*WHAT YOU SHOULD DO*. Reproduce the entries in full. Exclude all images from the copy.

*AVAILABLE DATA*.
Content starts
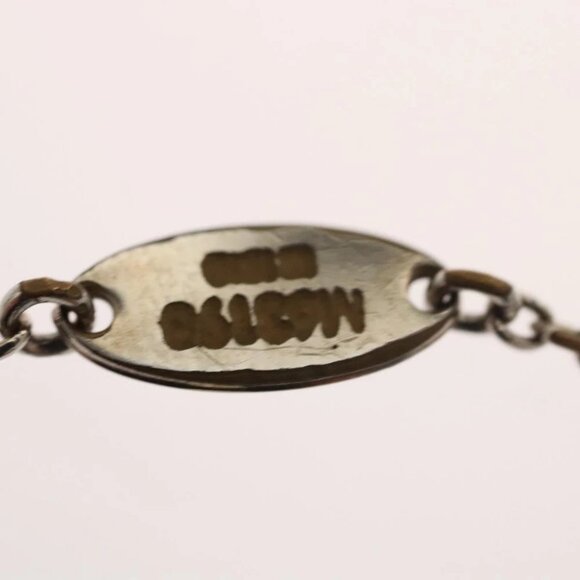 LOUIS VUITTON Essential V Bracelet metal Silver LV Auth - Picture 11 of 13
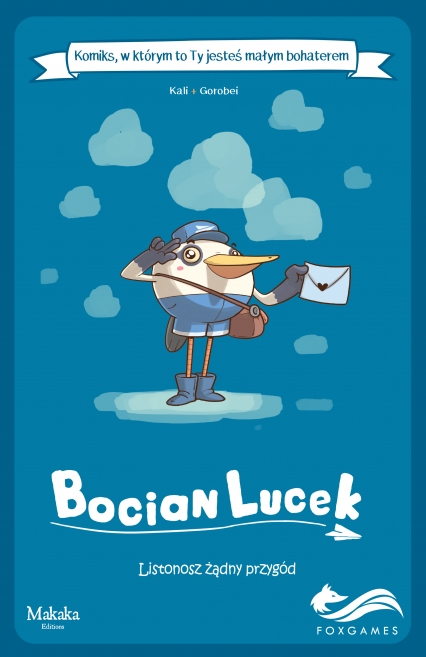Komiks paragrafowy: Bocian Lucek - Kali | okładka
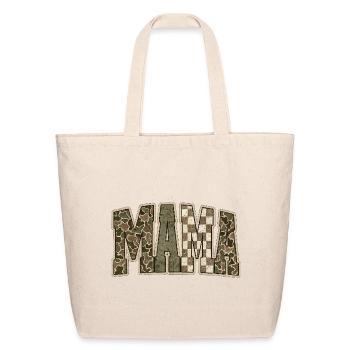 MAMI Camo Checkerboard - Eco-Friendly Cotton Tote - natural - Front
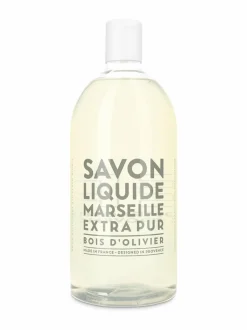 Wellness|Compagnie de Provence Extra Pur Olive Wood -nestesaippua, täyttöpakkaus 1 l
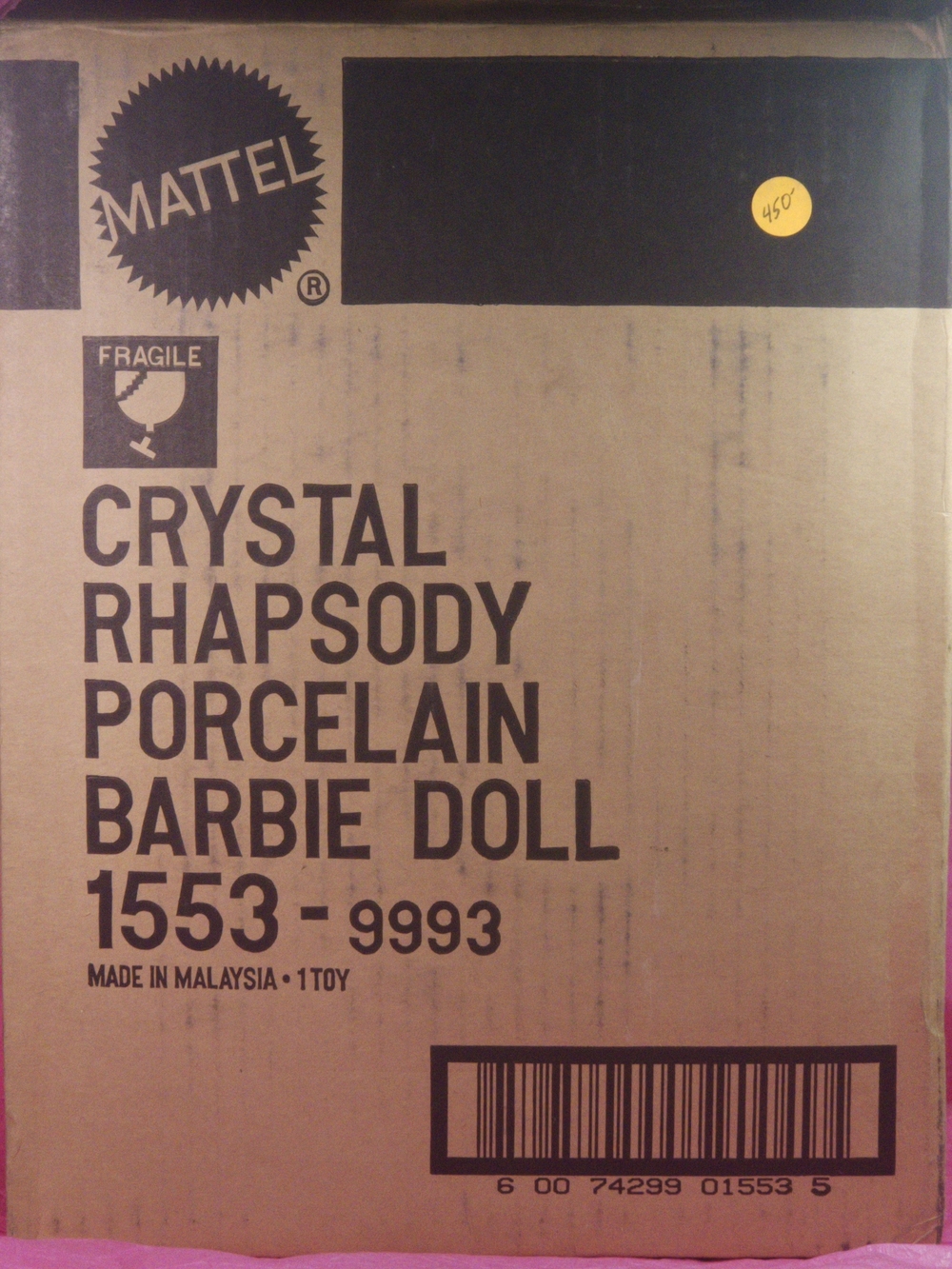 MIB 1992 Vintage "Crystal Rhapsody" Barbie #1553 - Open Shipper Seald Bubble Wra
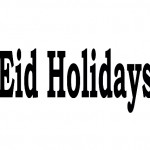 Eid Holidays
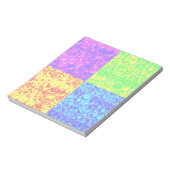 Rainbow Pop Art Bubble Packung Notizblock (Rotiert)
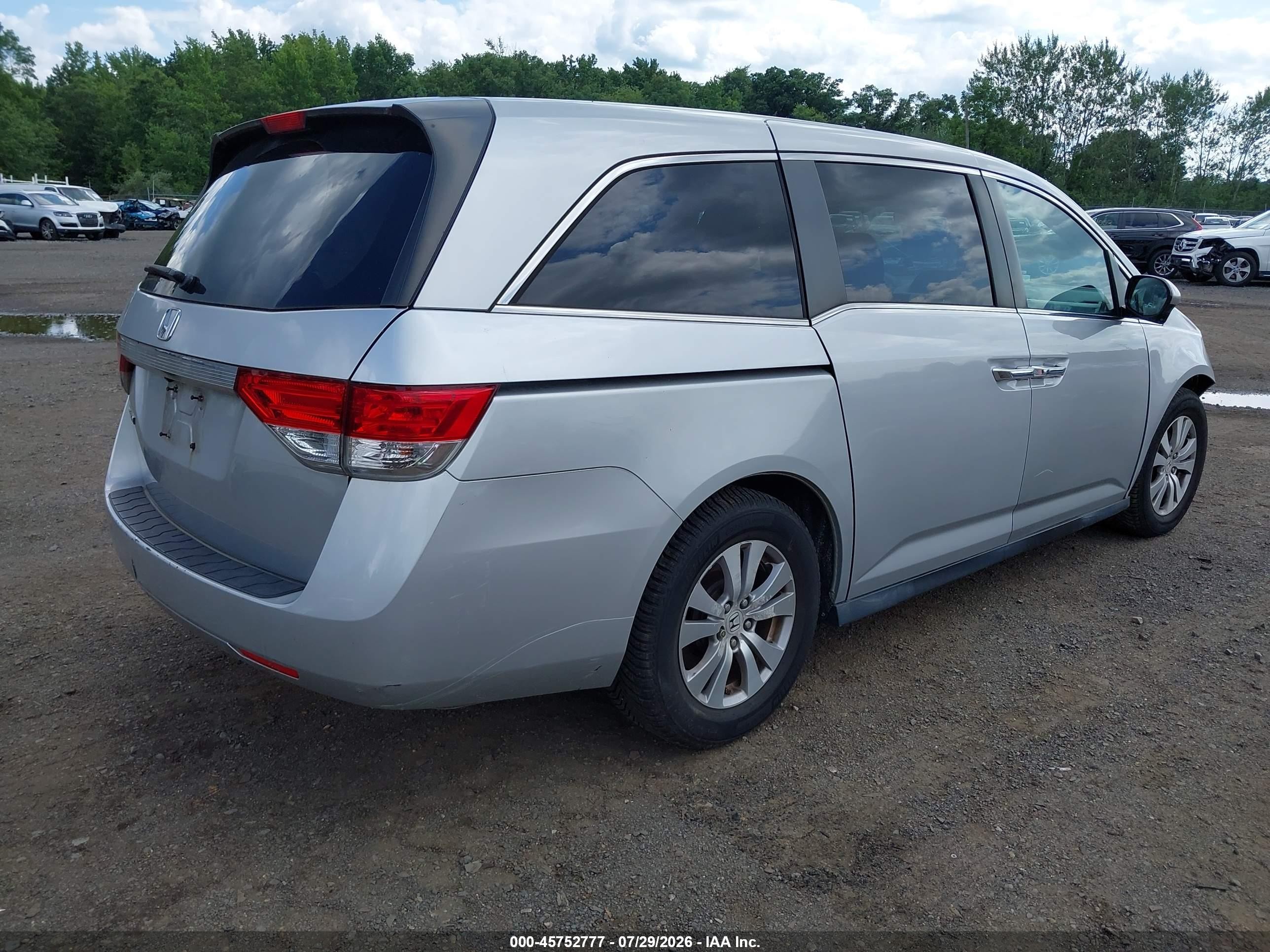 2015 Honda Odyssey Ex Silver vin: 5FNRL5H41FB034364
Content ends
*PROBLEM SOLUTION*.
 LOUIS VUITTON Essential V Bracelet metal Silver LV Auth - Picture 11 of 13
Komiks paragrafowy: Bocian Lucek - Kali | okładka
 MAMI Camo Checkerboard - Eco-Friendly Cotton Tote - natural - Front
 Wellness|Compagnie de Provence Extra Pur Olive Wood -nestesaippua, täyttöpakkaus 1 l
 MIB 1992 Vintage "Crystal Rhapsody" Barbie #1553 - Open Shipper Seald Bubble Wra
 Eid Holidays
 Rainbow Pop Art Bubble Packung Notizblock (Rotiert)
 2015 Honda Odyssey Ex Silver vin: 5FNRL5H41FB034364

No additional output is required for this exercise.